Estas líneas (provisorias) surgieron de la lectura de un corpus formado por una polémica que una carta del filósofo Oscar del Barco desató. Imposible o no, Del Barco, en la modalidad del grito, postula la necesaria vigencia del no matarás. Parte de la experiencia de Masetti en Salta y la muerte de dos jóvenes guerrilleros a manos de sus compañeros de armas, orden de Masetti mediante. La guerrilla de Masetti preparaba el campo para la incursión de Guevara en Bolivia, que acabó en el fracaso conocido. Respondieron León Rozitchner, Eduardo Grüner, Tomás Abraham y Horacio González. También el tema se debatió en la revista Conjetural. Todos, con mayor o menor dureza, cuestionaron a Del Barco, quien, según sé de buena fuente, prepara un libro de casi mil páginas sobre la violencia. A eso se le llama responder con energía.

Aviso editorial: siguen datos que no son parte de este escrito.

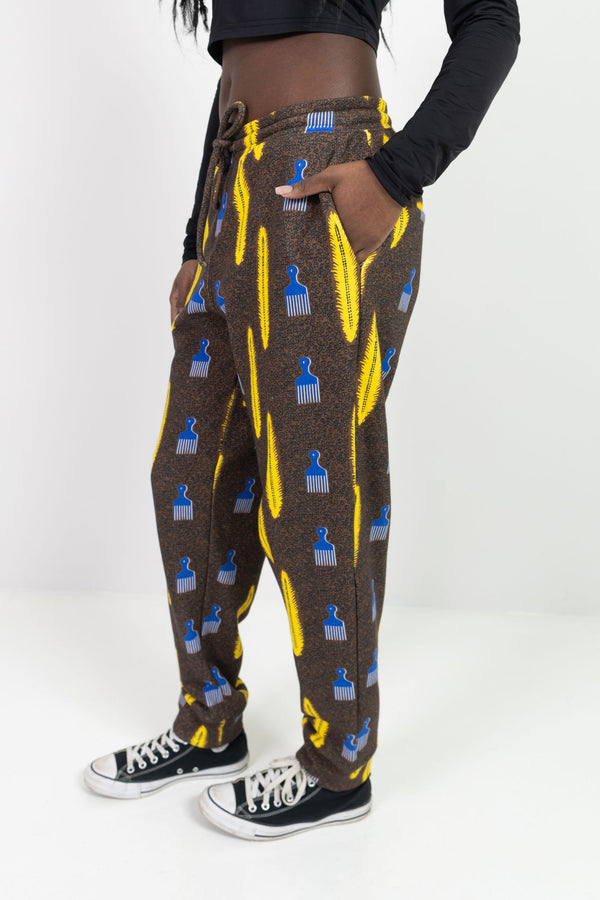 Picking Comb Sweatpants - Bulu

Pero la discusión seguirá. En 1998 agoté mis fuerzas al publicar, sobre la violencia, un libro si no de mil al menos de casi cuatrocientas páginas (La sangre derramada) y fue puesta en escena mi obra teatral Cuestiones con Ernesto Che Guevara. No me fue bien. Uno de esos eternos peronistas que aparecen en todos los gobiernos que ese partido impone me recomendó no escribir más, consejo que claramente desobedecí. De él, en cambio, nunca vi un libro, ni entonces ni ahora. Había conseguido reeditar y dirigir la revista El Porteño y desde ahí recomendaba detener mi escritura. En El Ojo Mocho, que dirige mi viejo amigo Horacio González, María Pía López me trataba como a un maleante ideológico. Y el mismo Horacio, en su libro Restos pampeanos, habría de aplicarme el mote más inusual que jamás me aplicaran: “neoliberal”, me dijo. No es así como me llaman, por ejemplo, los que le hicieron el asalto a la Biblioteca Nacional, putsch cuidadosamente organizado que no logró triunfar. Esa gente suele decirme, como a él, “populista” o “nacionalista popular”. Qué pena, ¡con lo que a mí me gustaría ser considerado un hegeliano sartreano con toques de Foucault y Juan Bautista Alberdi! ¿Qué tenía de irritante La sangre derramada? Acaso este párrafo de sus Conclusiones: “Nuestro compromiso radica en luchar contra todas las causas de la violencia. ¿Hay una violencia legítima? Desde mi punto de vista, no hay violencia buena, ni violencia justa, ni violencia legítima. La violencia es –en sí– mala. Expresa una derrota: la de no poder tomar al Otro como un fin en sí mismo, la de no poder respetarlo en su humanidad. Esto no anula el deber de luchar contra la injusticia y el despotismo” (J.P.F., La sangre derramada, Seix Barral, Buenos Aires, 1998, p. 373). Pero esa lucha –al ser violenta– siempre corre el riesgo de “instaurar un nuevo rostro del despotismo y, por tanto, de la injusticia” (ibid., p. 373). Nadie recordó estos textos en las polémicas que giraron alrededor de Del Barco. Pero ahí están.